WORK REQUIRED
What is needed is an exact copy of the lines from the line holding "1560290 Sealing Washer" through the end of the material, with no other lines and no pictures.

GIVEN DATA
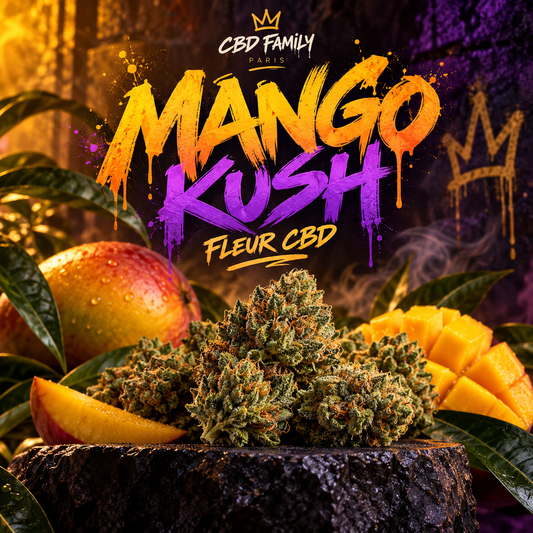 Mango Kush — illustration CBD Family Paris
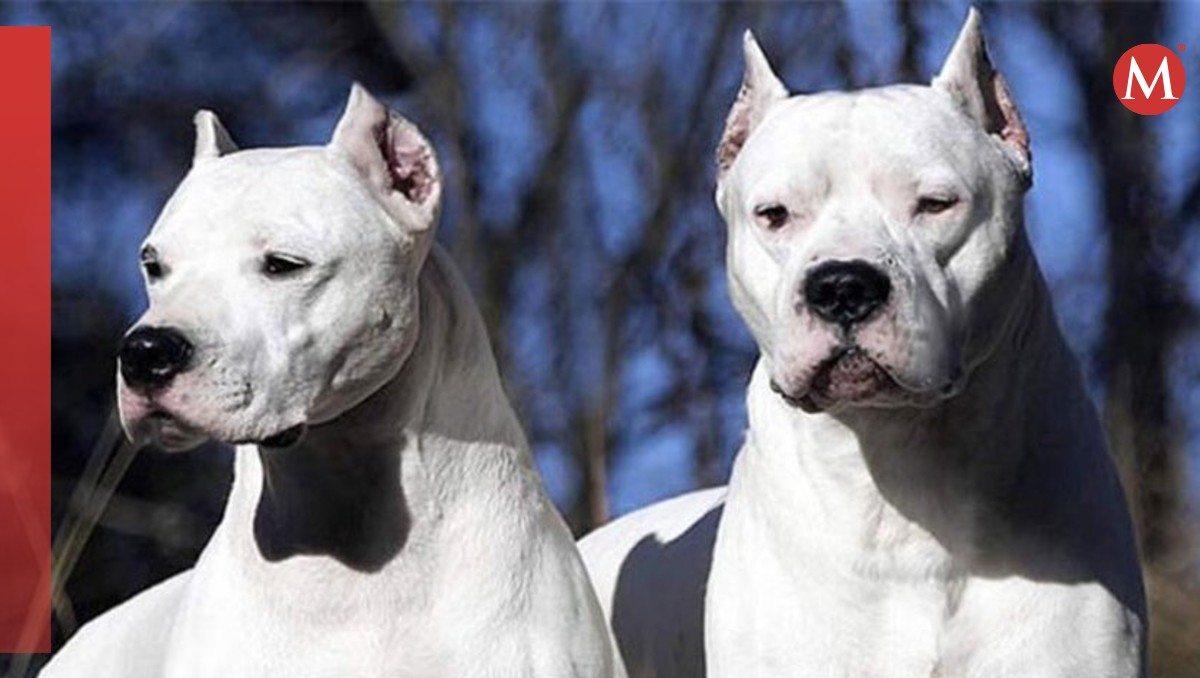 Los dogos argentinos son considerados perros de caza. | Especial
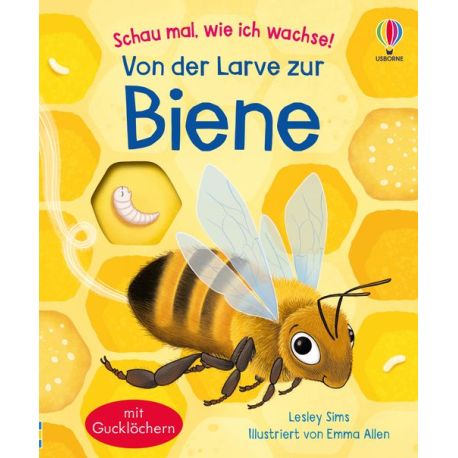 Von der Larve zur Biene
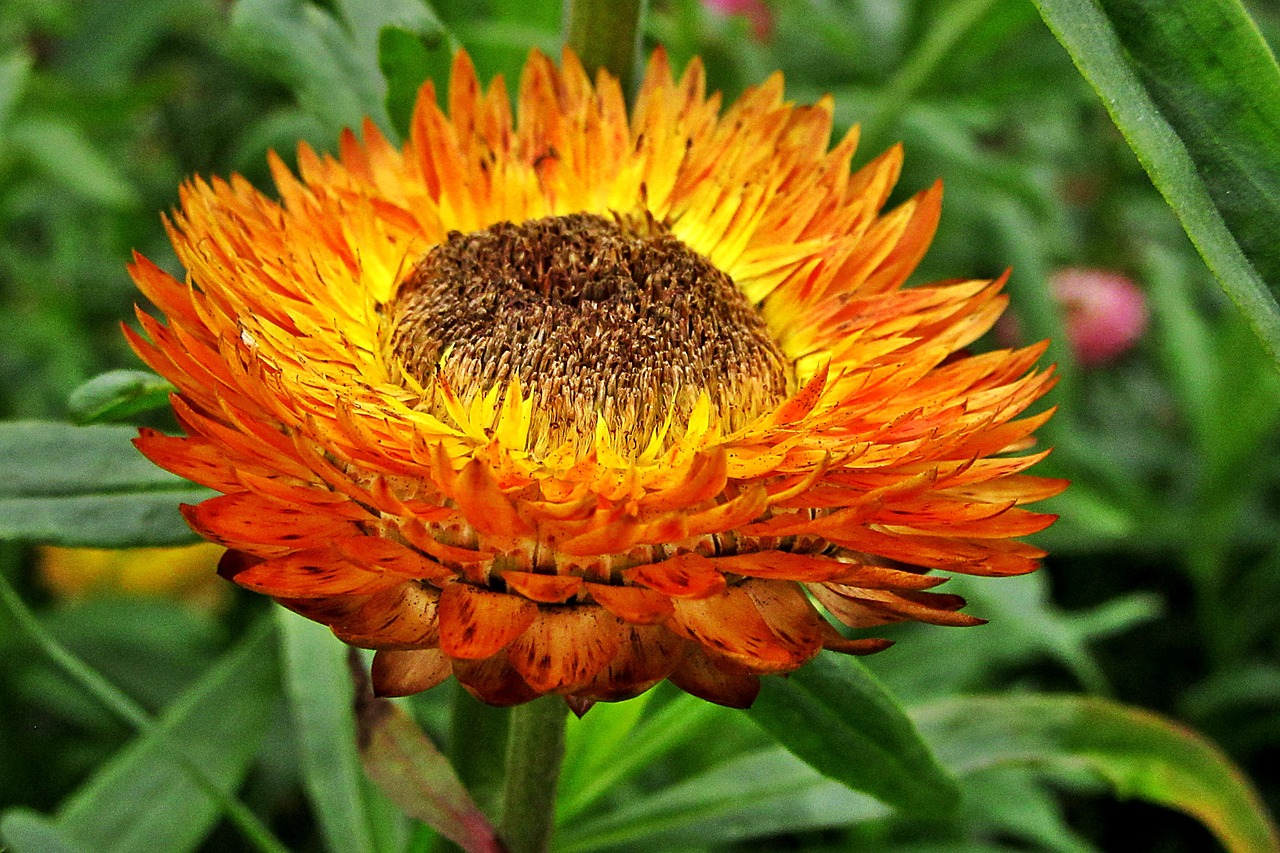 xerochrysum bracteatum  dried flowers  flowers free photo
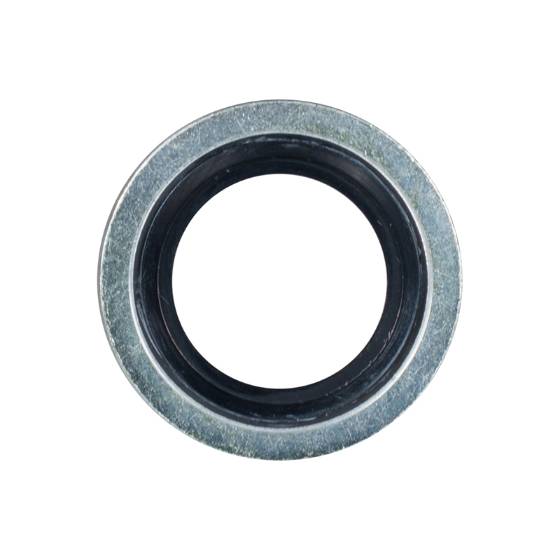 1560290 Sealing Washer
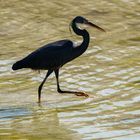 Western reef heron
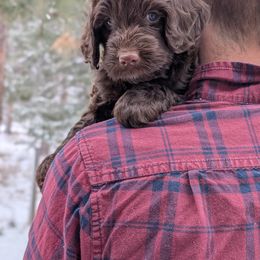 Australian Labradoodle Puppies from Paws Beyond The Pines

COMPLETED EXERCISE
 1560290 Sealing Washer
 Western reef heron
 Australian Labradoodle Puppies from Paws Beyond The Pines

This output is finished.